Exercise directions - An exact restatement of the data is required, with the images omitted.

Exercise data -
§

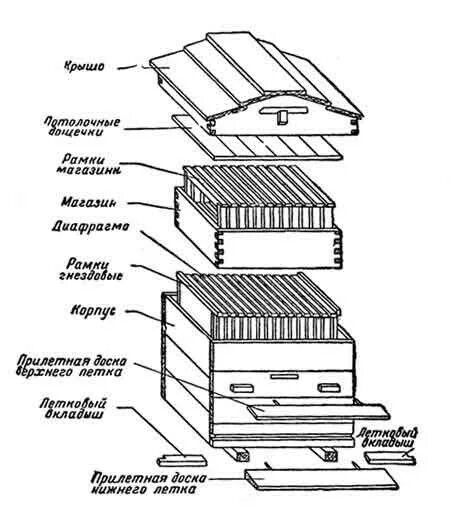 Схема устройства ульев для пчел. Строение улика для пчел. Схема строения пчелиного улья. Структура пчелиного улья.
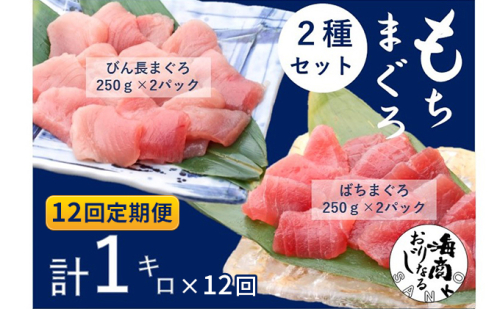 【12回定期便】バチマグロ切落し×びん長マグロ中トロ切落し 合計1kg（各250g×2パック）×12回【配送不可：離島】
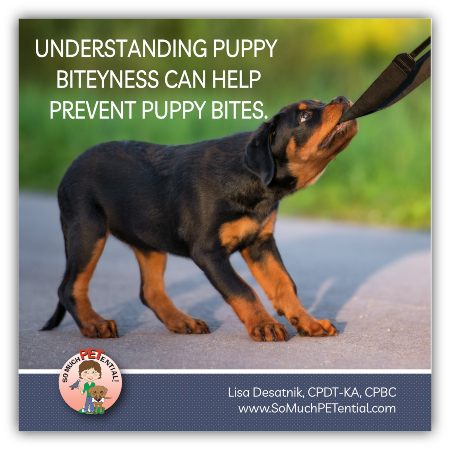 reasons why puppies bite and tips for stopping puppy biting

§

Exercise output -
 Схема устройства ульев для пчел. Строение улика для пчел. Схема строения пчелиного улья. Структура пчелиного улья.
 【12回定期便】バチマグロ切落し×びん長マグロ中トロ切落し 合計1kg（各250g×2パック）×12回【配送不可：離島】
 reasons why puppies bite and tips for stopping puppy biting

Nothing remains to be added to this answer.